Facebook Demographics
By: Andrea Trapani
I’ve been trying to make a determination as to why Facebook is so fantastically popular for people in my age demographic (let’s just say “over-30”). And I have a theory…
Mine is the first generation to be raised on computers. In other words, I’m old enough to remember when a computer in grade school was a novelty (and only for the nerds to use), still old enough to remember when the computer lab in high school was a scary place (again, strictly for nerds), and even old enough to remember when you had to go to the computer lab at university to “type” a paper. Put another way, we grew up being introduced to computers and being forced to learn how to use them. For subsequent generations, computers and the Internet were ubiquitous, and these folks never knew life another way.
Yet my generation graduated from college, moved away, gained employment, and lost touch with many friends and colleagues long before Web browsers and the Internet gained mainstream popularity. But we were educated in a tech savvy way, and our jobs saw the emergence and proliferation of interconnectivity in our day-to-day lives.

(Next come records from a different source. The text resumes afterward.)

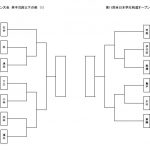 男子二段以下(北海道学剣連Twitter)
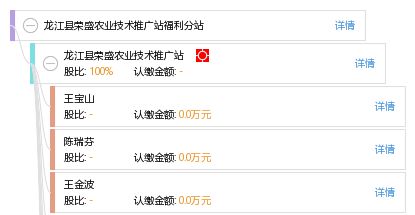 龍江縣榮盛農(nóng)業(yè)技術(shù)推廣站福利分站 科技賦能農(nóng)業(yè)，服務(wù)惠及鄉(xiāng)村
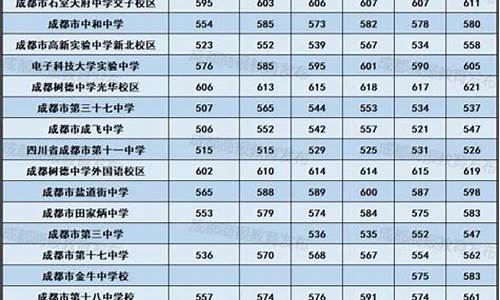 2020成都初中考高中分数线_成都初中升高中分数录取线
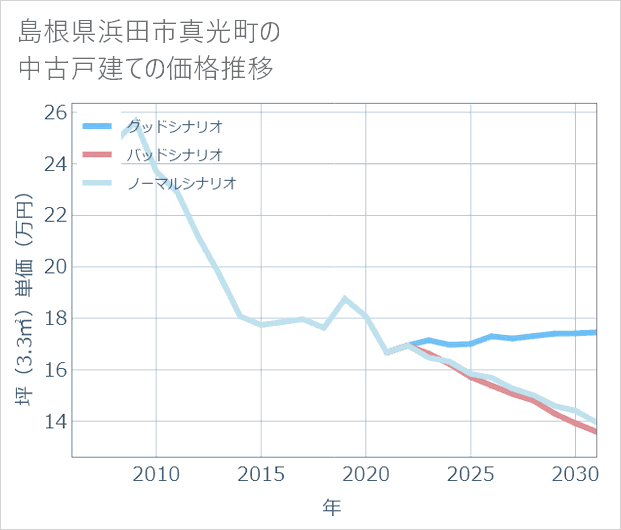 島根県浜田市真光町の中古戸建て価格推移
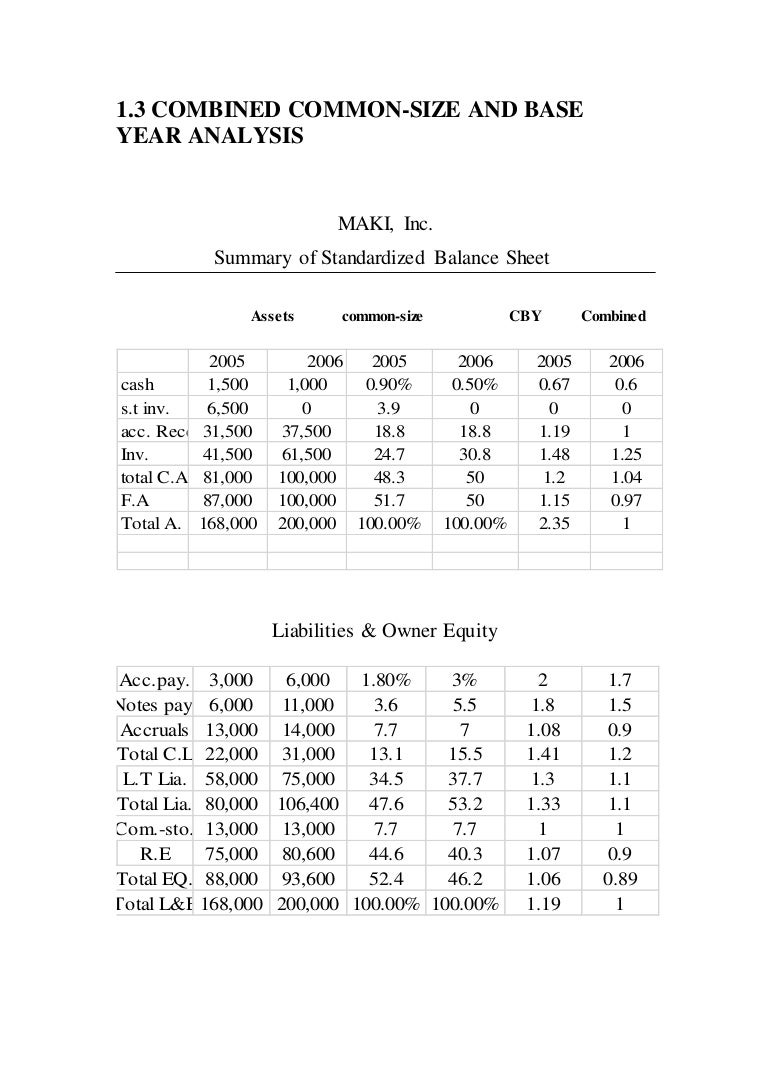 1.3 COMBINED COMMONSIZE AND BASE YEAR ANALYSIS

Younger folks have been e-mailing and hanging out in online fora for as long as they could type, and as a result have stayed better connected than their older siblings and parents.
So along comes Facebook. Suddenly, user-friendly technology enables us to reconnect with long-lost friends, relationships we may have forgotten about, and even people we can’t quite remember (but pretend we do). Younger generations, well, they have been connected via the Internet all along. And older folks? Why, many of them still avoid computers and just don’t care to learn new tricks. So this 30-45 age group is tailor-made for something like Facebook, and boy are we taking to it.
Why not MySpace? Maybe it came too soon, and maybe it became co-opted as a less than pure, quasi dating site, which sort of cheapened it. It gained a reputation as being something for teens and 20-somethings looking to ogle Britney Spears and each other. Whatever the case, MySpace lost control of its brand, and is now on a quest to get it back.